I do not refer to those roads which, originating in the nursery, have led to the depths of theology or to the heights of moral discourse. The road which has landed more than one theologian in meditation upon the depraved nature of the child may well have had its beginning in childish quarrels. There was Jonathan Edwards, for instance; he had ten sisters and about as many children. This suggests a fit subject for a thesis. Then that pleasanter if less picturesque way, bordered with the flowers and the weeds of rhetoric, which has brought the preacher and the versifier to sermons and rhymes for the edification of the young, must have received many a traveler from tributary paths of domestic strife. Isaac Watts, for instance, who being dead yet speaketh of dogs and bears and lions and children, was the eldest of nine. The avenues of education to which I refer, however, are open only to parents or vice-parents, and lead only to parental skill.
Some parents act as if they did not even know that these avenues exist. Consequently, when they encounter contention among their offspring, they fly in all directions at once. This undoubtedly makes for agility. For example:—
Waves of turmoil burst through the closed doors of the playroom, flood the stairway, and whelm to the ears the placid group of grown-ups in the living-room. As the visiting cousin nervously halts her small talk, and the tired mother lays down her knitting, the master of the house, with an air of finality, gesturing the others into subsidence, breasts the billows of sound. Upward, two steps in a stride, he makes an assault upon the playroom.

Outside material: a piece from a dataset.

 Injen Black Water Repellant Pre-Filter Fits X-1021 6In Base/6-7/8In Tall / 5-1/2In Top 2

"What's all this about?" as he flings open the door. "Bless me! everybody can hear you all over the house. Your mother and I aren't undertaking to keep a zoo. Do you suppose that somebody can be running up here every five minutes? Besides, don't you know that your mother's cousin Bettina is visiting us, and that she is distracted by this sort of uproar? Now don't try to interrupt. What did you say? That Ruth threw a coal-car at you? Why, Ruth, my little girl! that's a very dangerous thing to do. If you had struck one of the boys in the eye, you might have made him blind. I shall have to take the cars away, if you are going to do dangerous things with them. What's that? They're not Ruth's cars? What of it? Does that make them any the less dangerous? Now, don't interrupt again. Besides, Ruth, that was a very unladylike thing for a little girl to do. And, boys, you are at fault, too. Ruth would never have done that if you hadn't done something to her. Is that the way young gentlemen should treat a young lady? And Ruth is younger than you. She can't defend herself unless she does something like that. I shall have to punish you all; perhaps that will help you to learn how to behave. Now, you boys, go over to Ruth and ask her pardon; and, Ruth, you kiss them and tell them you're sorry. And now play together properly. See if you can't get along till tea-time without making a disturbance."

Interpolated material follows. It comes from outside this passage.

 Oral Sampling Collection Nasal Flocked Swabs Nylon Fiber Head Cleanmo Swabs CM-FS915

Satisfied that he has settled an acute difficulty, this composite father, in whose voice has sounded some tones that I dare not disown, descends the peaceful stairs. What he has actually done has been to throw into hopeless unsettlement a situation that was after a fashion already half settled. If the children are quiet, it is because they are dazed by the feats of an acrobatic adult mind. They have watched their father make a circuit of the situation, cross at least a half-dozen paths that led safely out, and, ignoring all, return to the point of departure. The benefit they have received from the performance is not at all the benefit he believes he has imparted. It has not been, as he fancies, the benefit of discipline; it has been the benefit of diversion. As for himself, he has received that most welcome of benefits—a mental frame of complacency.
Not being as nimble as he, we may find it worth our while to stop for a moment at each path that he passed and explore it. What we are prone to forget is that from almost every difficulty of this kind there are several exits, and that there is no progress made in attempting to travel more than one at a time. In this case, all need for the display of gymnastics might have been avoided by the consideration of a few simple questions.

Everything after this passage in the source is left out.